The first blow sent shock waves up his arm. He freed the axe, struck again, and the two halves fell sweetly apart. A smell of raw wood, sharp on the cold air. He was reaching for another log when he realized Elinor had come up behind him. She smelled of oil paint and turps, and that smell, mingling with the more feminine scents of skin and hair, took him back to the Slade and ‘the wild girls’. They were the best thing about the Slade, those girls. The memory softened him towards her.
‘Did you have a good morning?’ he asked.
‘Quite good.’
He sensed her excitement. ‘I’ll just finish these, then I’ll come in.’
‘Have you been for a walk?’
‘Just up the hill there.

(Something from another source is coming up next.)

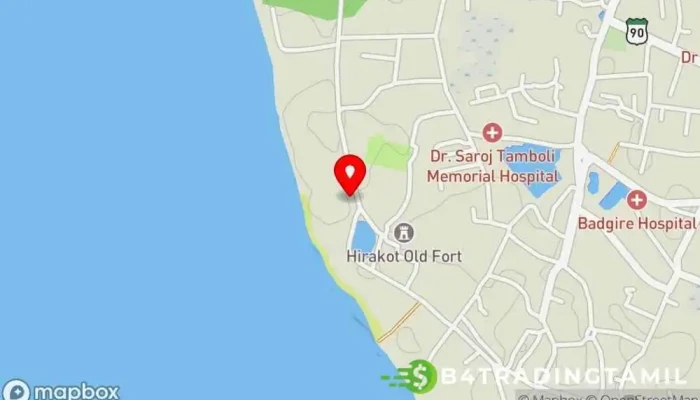 Aapiis Aap Ttisttriktt Klekttr Raayktt வரைபடம் - Alibag, அலிபாக்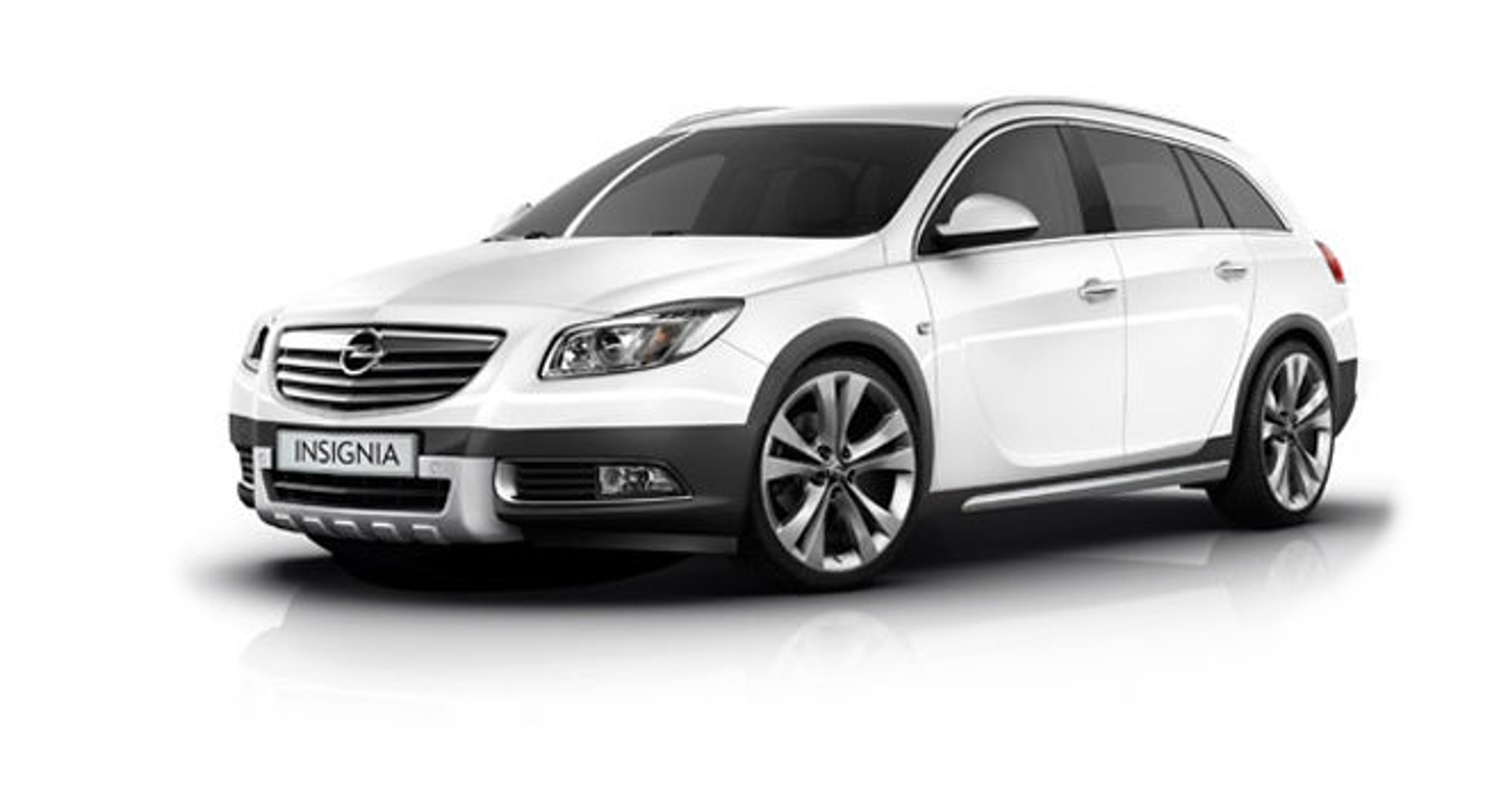 Opel Insignia Sports Tourer CrossFour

I wish I’d had a gun, I could’ve got you some rabbits. Place was hopping.’
‘You’re a town boy, aren’t you? Who taught you to shoot?’

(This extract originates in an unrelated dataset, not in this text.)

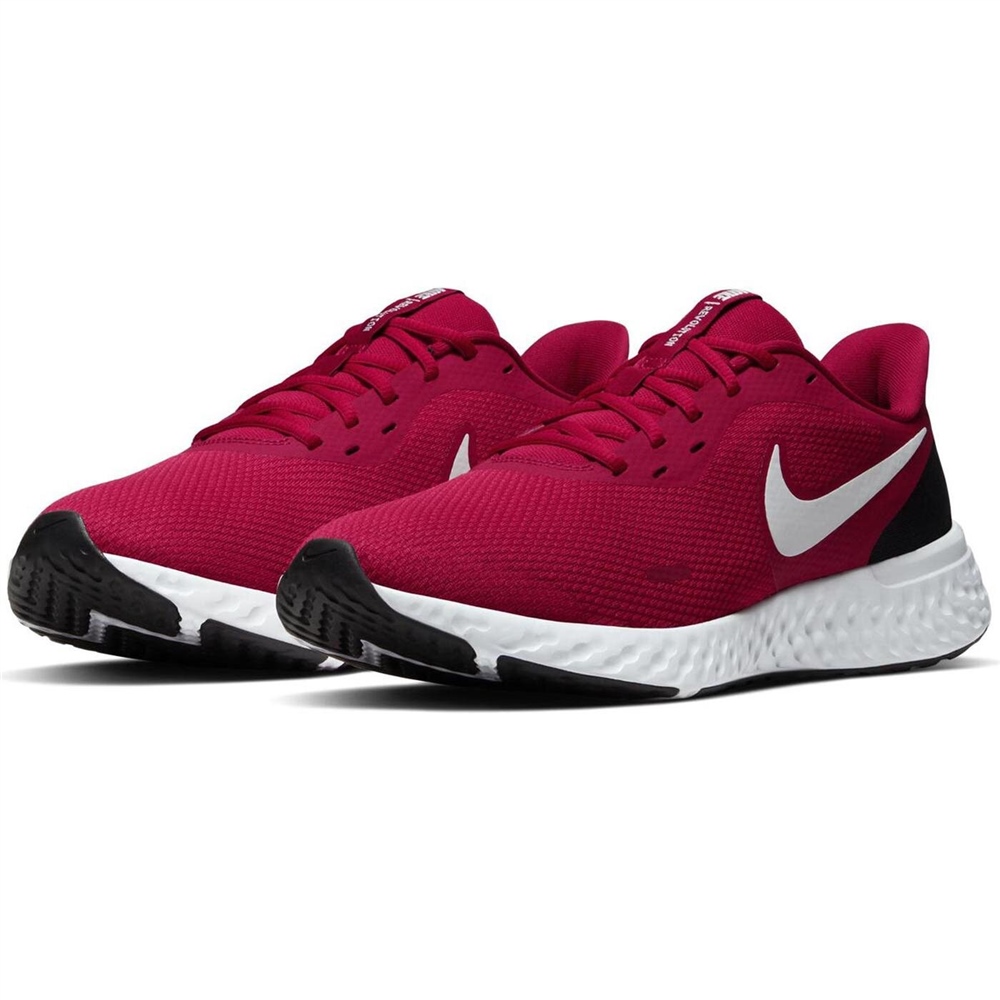 Nike Revolutıon 5 Erkek Koşu Ayakkabı - BQ3204-600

‘The army,’ he said. Very dry.
‘Oh, yes, of course. Sorry.’
She was blushing. He positioned the next log and swung the axe, smiling to himself as the blade bit.
Five minutes later, he came into the kitchen carrying an armful of logs. She was by the range, heating up the remains of last night’s stew. He put a hand on her shoulder and she turned round; her face was pale, but her eyes glittered with barely suppressed excitement.

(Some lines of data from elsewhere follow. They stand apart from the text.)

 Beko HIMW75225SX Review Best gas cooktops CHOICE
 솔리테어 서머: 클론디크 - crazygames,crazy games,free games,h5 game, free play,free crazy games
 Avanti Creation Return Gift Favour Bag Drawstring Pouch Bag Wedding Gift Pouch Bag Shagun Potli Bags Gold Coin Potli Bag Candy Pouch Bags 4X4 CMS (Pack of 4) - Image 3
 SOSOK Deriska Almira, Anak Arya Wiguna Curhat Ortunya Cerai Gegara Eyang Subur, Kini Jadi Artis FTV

‘You have had a good day,’ he said.
‘The thing is, I think I might have finished. But you never really know, do you?’
‘Let it settle.’
He began to build up the fire, feeling an immense, simple satisfaction as he saw the first lick of flame. Holding a sheet of old, yellowing newspaper across the fireplace, he heard the roar of the draught behind it. Columns of names curled and blackened in the heat. Worse than the Somme, people were saying, as the lists grew long
er day by day. A black hole edged with sallow gold appeared at the centre of the page and he whisked the paper away in a whirl of smoke and sparks. ‘There.’
Elinor was ladling steaming stew into two big bowls. He sat at the table and reached across for the loaf. Elinor passed him the knife. They were a good team, he thought. In surprising, simple ways they made a good team.
‘Do you really think it’s finished?’ he asked.
‘Well, I don’t know. I thought it was.’
She looked pinched now, coming down the other side and, my God, he knew every step of the way. ‘Can I see it?’
‘If you like. Not now, though. Let’s eat.’
Paul fetched a bottle from the dresser and poured them both a glass. ‘Congratulations.’
‘You haven’t seen it yet.’
But she clinked glasses with him and took the first sip. By the time she’d finished the glass, she’d lost that white, glittery look and was back among the living. They ate the stew, which was actually rather better than last night, and she seemed more interested in him. Or perhaps she was just being polite.
‘How have you been, really, since you got back?’
He decided to tell the truth. ‘Pretty bad. I mean, the leg … well, there’s nothing to be done about that, I’m lumbered with it. But I can’t seem to fit back in. You know, I go to the Café Royal, I make myself go, and it’s like I’ve landed on another planet. And sometimes I just drift off in the middle of a conversation and …’
‘But you’ll get past that.’
‘Yes, I suppose so.’
As soon as they’d finished eating, she stood up. ‘I want to show you something.’
Of course, the painting. He got to his feet.
‘No, you stay there, I’ll bring it down.’
She was gone no more than two minutes. When she came back she was holding a piece of paper: crumpled, stained, with that unmistakable smell. Oh, God, the last letter.